Kuzeyli Arkadaş, “Kutsal İttifak” tanımlamamızın abartılı olduğunu düşünüyor ve bir “ortak akıl” toplantısı ile önümüze bakmamızı öneriyor.
Arkadaşımızın şunu bilmesini isterim: Çerkes halkının birliği ve beraberliği bizim varlık nedenimizdir, misyonumuzdur. Ama bu o kadar kolay olmayacak! Politik olarak farklı şeyler söylediğimiz için değil; kirli politika yaptığımız için? Yoksa birlikte yapabileceğimiz çok şey olduğuna ve hatta bu birliktelikleri kurumlaştırabileceğimize inandığımı, ben kendi adıma söyleyebilirim.
Benim yazılarımda kullandığım “Kutsal İttifak” deyişi yalnızca siyasi birliktelik veya yakınlık içinde olanları değil; “kirli politika” yapanları da işaret ediyor! Ve ben bu siyasi ilişkilerimize daha açık ve dürüst yöntemler hakim olmadıkça ciddi birliktelikler yaratmamızın da, ortak etkinlikler örgütleyebilmemizin de mümkün olamayacağına inanıyorum.

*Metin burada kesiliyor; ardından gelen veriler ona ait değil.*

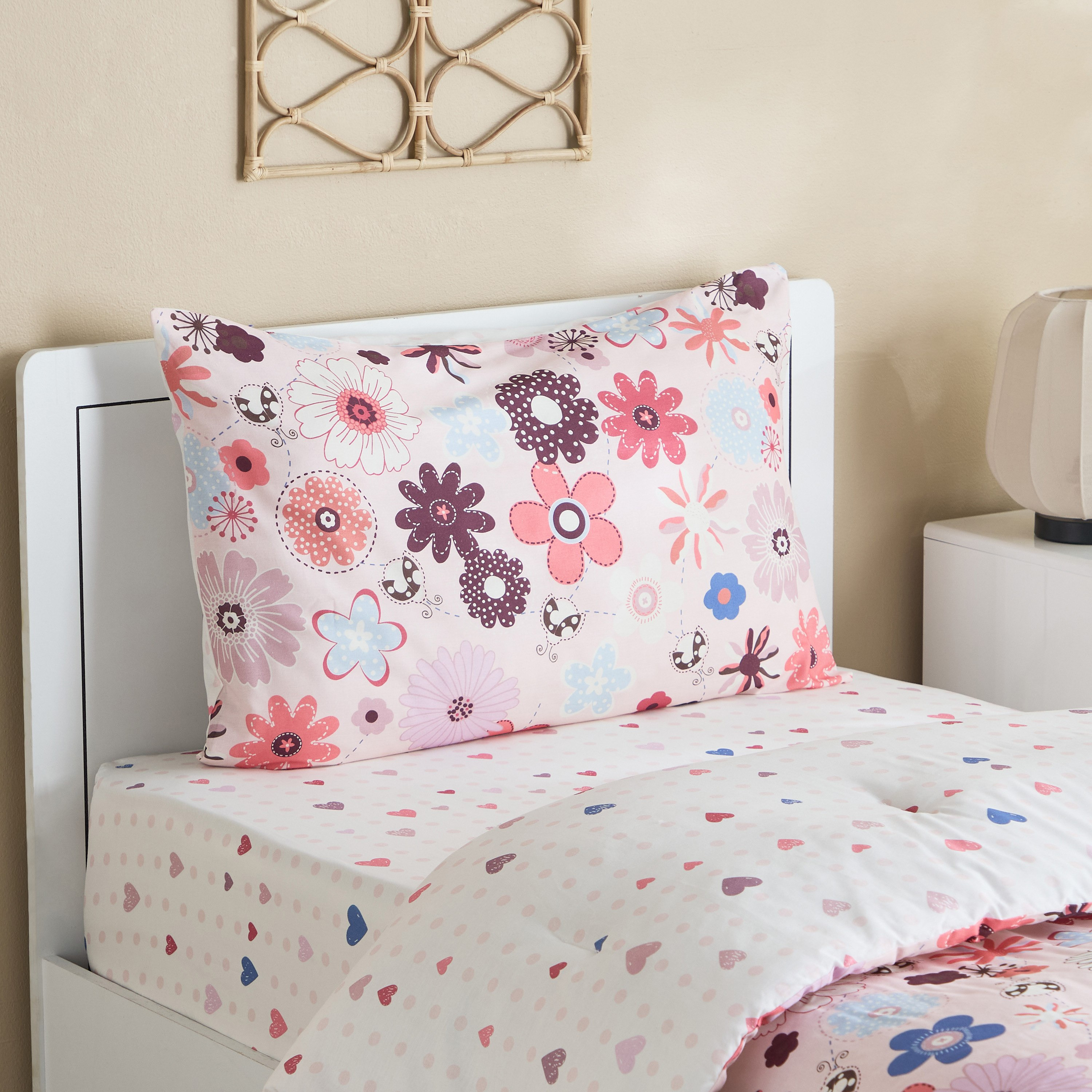 طقم لحاف قطن فردي جاردن قطعتين من آيفي سلامبر - 135x220 سم-hbxhomeware-hbxkidsandyouth-image-1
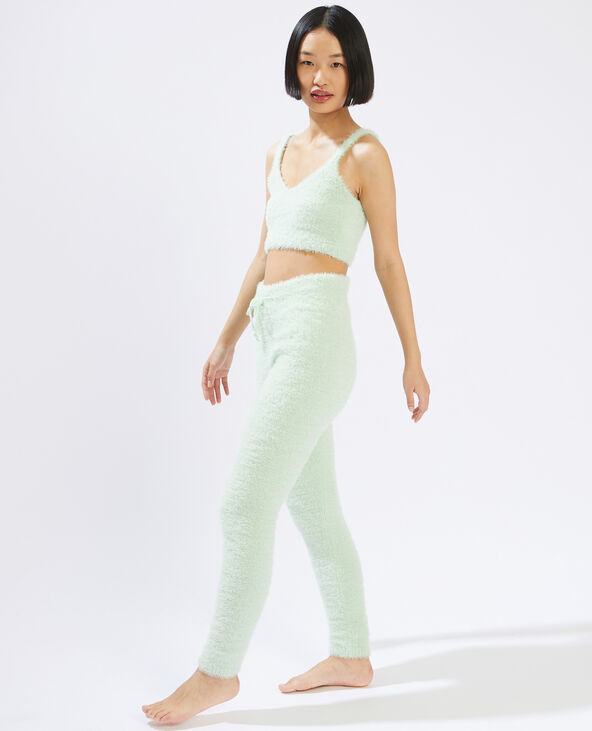 Legging en maille poilue vert - Pimkie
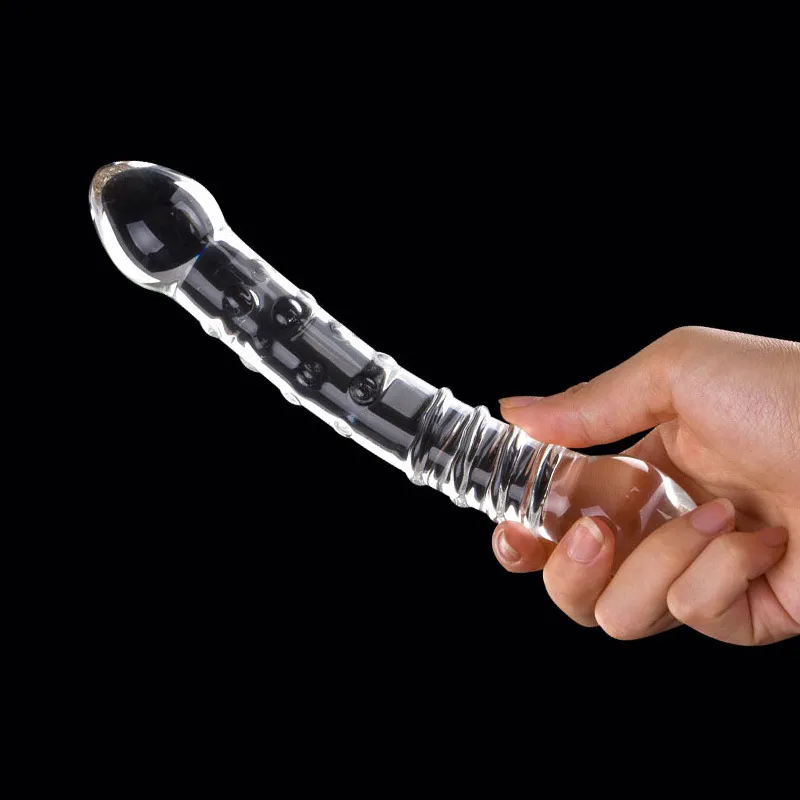 Glass Dildo Artificial Big Penis Dick Crystal Anal Ass Butt Plug Prostate Massage Masturbate Sex Toy for Adult Women Masturbator6368164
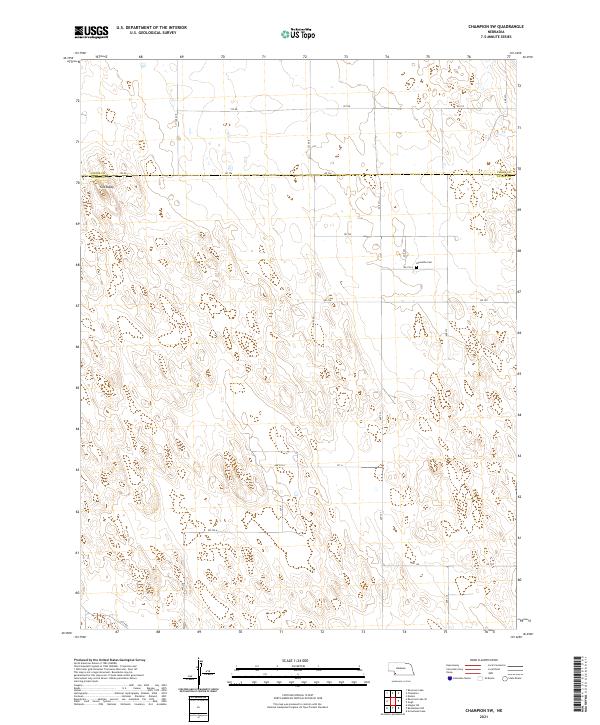USGS Topographic Map – Champion SW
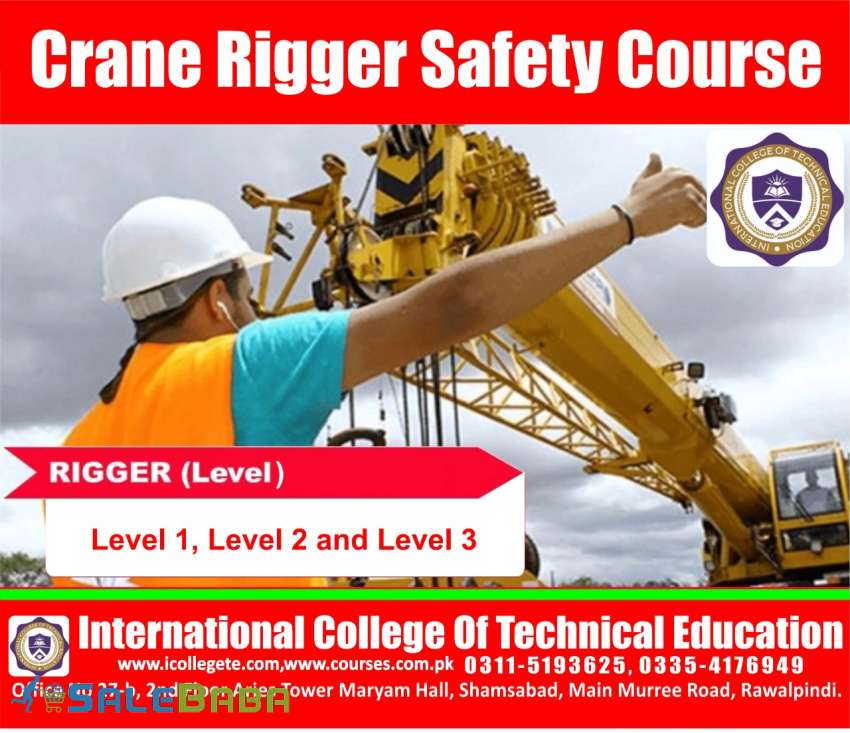 UK DIPLOMA  IN RIGGER LEVEL 3 COURSE IN  RAWALAKAOT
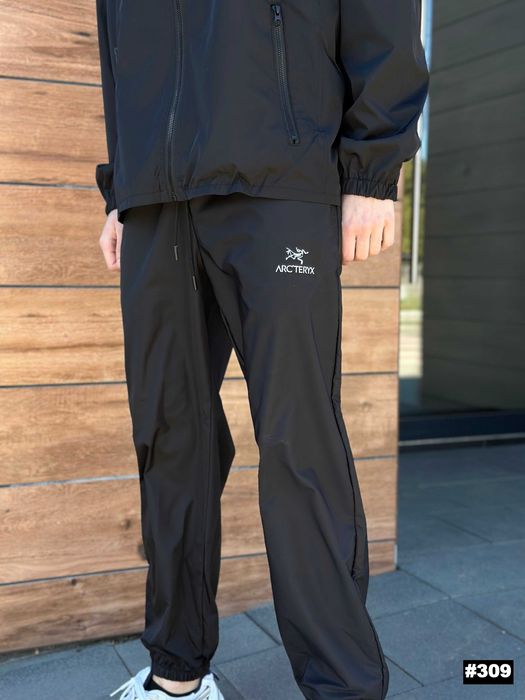 Черные Штаны ARCTERYX GoreTex — Нейлонові Штани Артерикс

Birilerinin bu siteyi ve Çerkesya Yurtseverleri’ni uzun zamandır “bir tehlike”, “bir düşman” gibi gördüğünü ve dostça olmayan yöntemlere başvurduklarını anlattık bir süre. Bir insanın tek başına sahip olamayacağı, ulaşamayacağı bilgilere kollektif yapımız sayesinde ulaşmış; köşede bucakta ve satır aralarında dile getirilenleri bir araya getirerek bu sonuca ulaşmıştık. Belki bazıları hakkımızda başkalarının ne yazdıklarını veya söylediklerini bilmeden; sadece bizim cevap olarak yazdıklarımıza bakarak bazen abarttığımızı; “sert”, “kırıcı” vs olduğumuzu düşündüler, ama abartmadık. Hatta az bile yazdık ve süreci bilen arkadaşlarımızdan da daha ağır cevaplar yazmamalarını rica ettik!

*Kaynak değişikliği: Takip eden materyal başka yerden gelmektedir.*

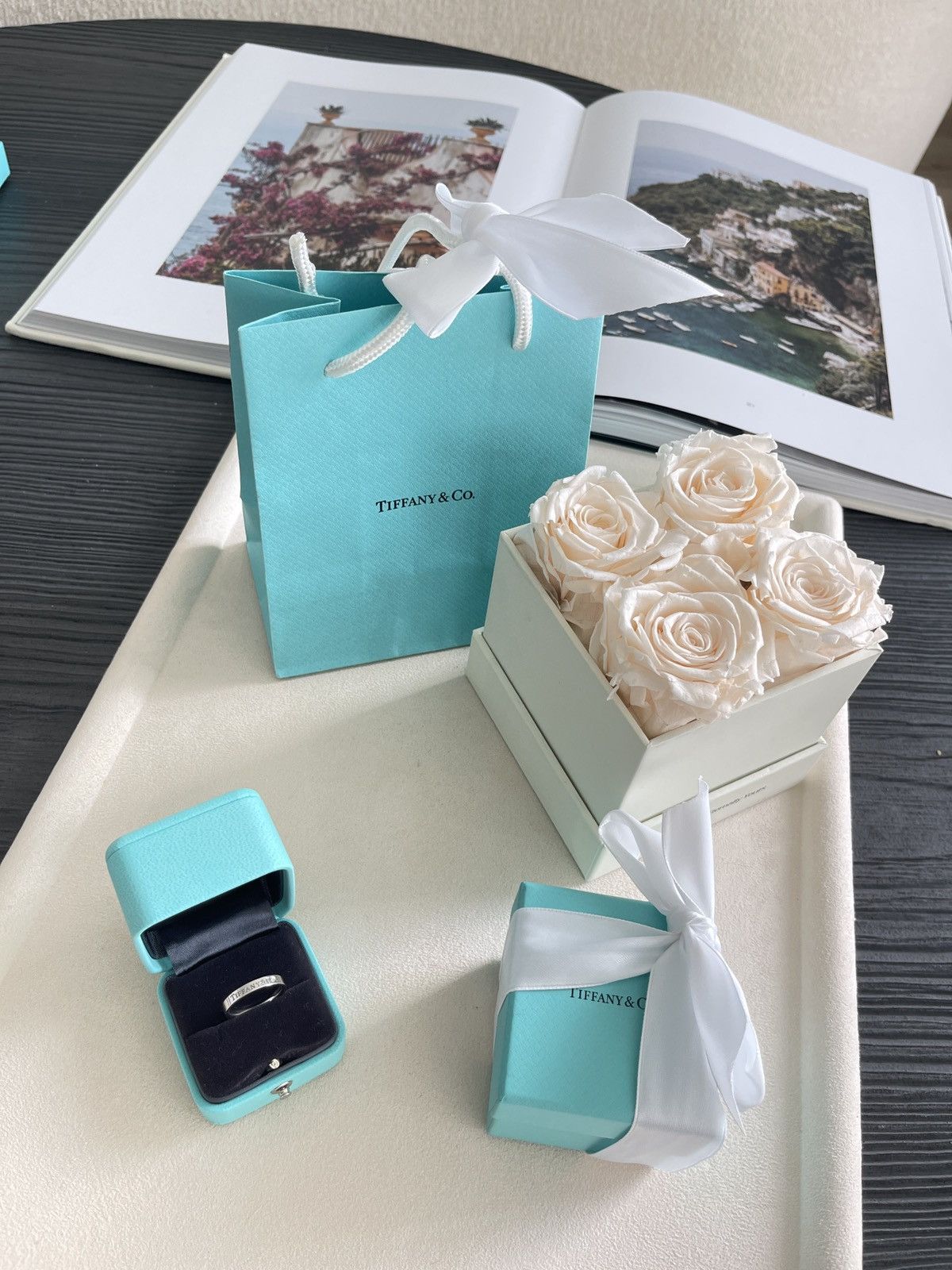 Tiffany & Co. Tiffany & Co. Band Ring in Platinum Diamond 5.5 NEW $2400 Size ONE SIZE - 1 Thumbnail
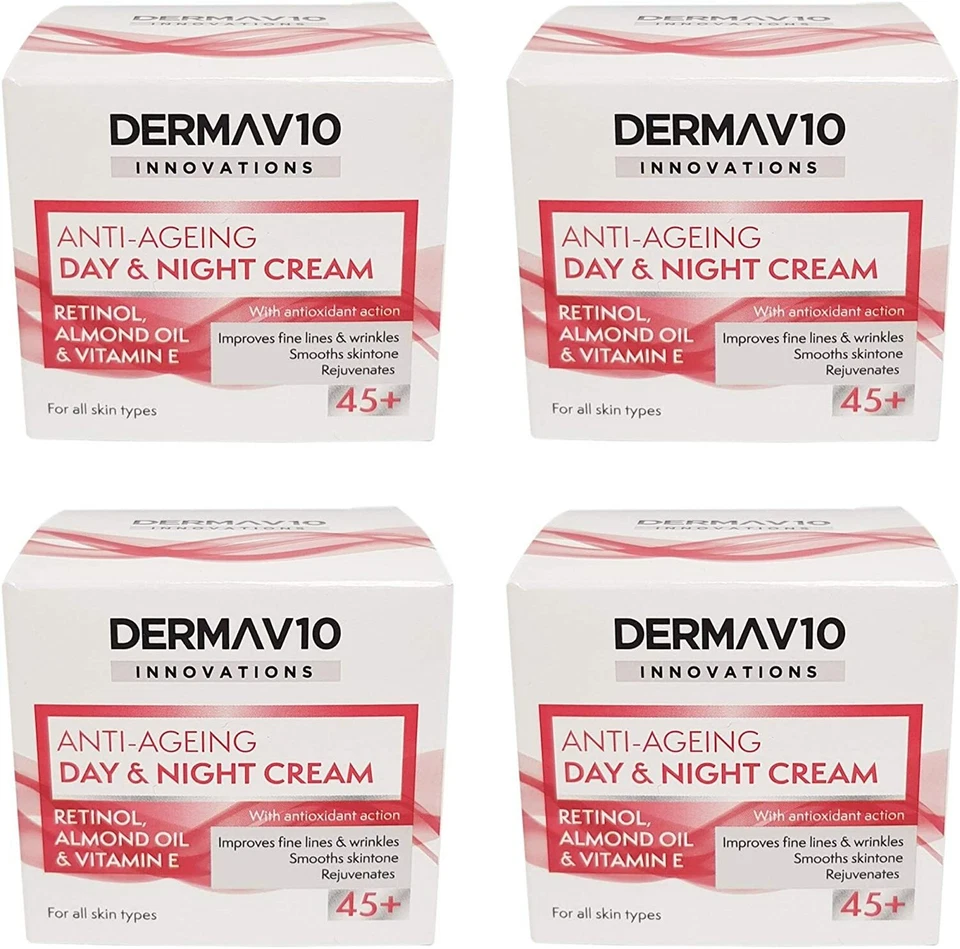 Cream Retinol Derma V10 Innovations Anti-Ageing Day & Night 4 x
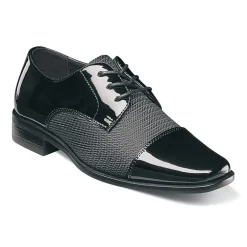 Stacy Adams Pharoah Little & Big Kid Boys Cap Closed Toe Oxford Shoes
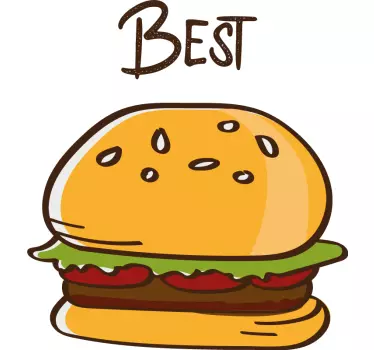 Mutter und tochter t shirt beste burger freundschaft - TenStickers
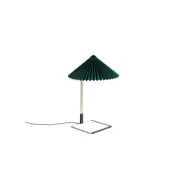 Matin Table Lamp Polished brass base, 380, Green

Çerkes halkının kendi politik örgütlenmesini yaratması gerekiri anlattığımız için bizi “en tehlikeliler” olarak ilan ettiler, bu site ile ilişkisi olanları kurumlarımızda izole etmeye çalıştılar; eli kalem tutan herkesi bize karşı yazılar yazmaya teşvik ettiler. Kimileri de kendi kendilerine “durumdan vazife çıkardılar”! Kutsal veya “kirli” ittifak böyle çıktı ortaya.
Kamuoyunun bilmediği yazışmalardan birini aktarayım mesela:
“Tüm siyasi hareketlerin, düşüncelerin "ulusal-demokratik mücadele" içinde farklılıkların bilincinde olarak birlikteliği sağlayacağını düşünüyorum. Milliyetçisi, islamcısı, liberali, sosyal demokratı, devrimcisi bir araya gelebilir. Fakat ulusalcı... Adige ulusçuluğu... yaklaşımı tehlikeli buluyorum.
Eğer sen de ulusalcılık dan haz etmiyorsan aynı sayfada yazdığın arkadaşlarımızı uyar lütfen...” (YKT, 26 Mayıs 2010)
Yazının kendi içerisindeki ve sonrasındaki söylemlerle bu yazı arasındaki çelişkileri... ( bu arkadaşımız o zamanlar milliyetçiler dahil herkesle biraraya gelinebilinir; ama “ulusalcılar”la asla diyordu; sonra miliyetçileri hedef aldı!!! Sonra da fark siyasi yaklaşımda dedi ve devrimci-demokrat eksenden bahsetti vs vs ) hepsini bir kenara bırakalım; ama gördüğünüz gibi burada bizim için açık açık “hiçbir siyaset Adıge ulusalcılığı kadar tehlikeli değildir” tespiti yapılmış. Biz böyle tehlikeliysek, artık bize karşı ne yapılıp yapılmadığını tahmin etmek de o kadar zor olmasa gerek?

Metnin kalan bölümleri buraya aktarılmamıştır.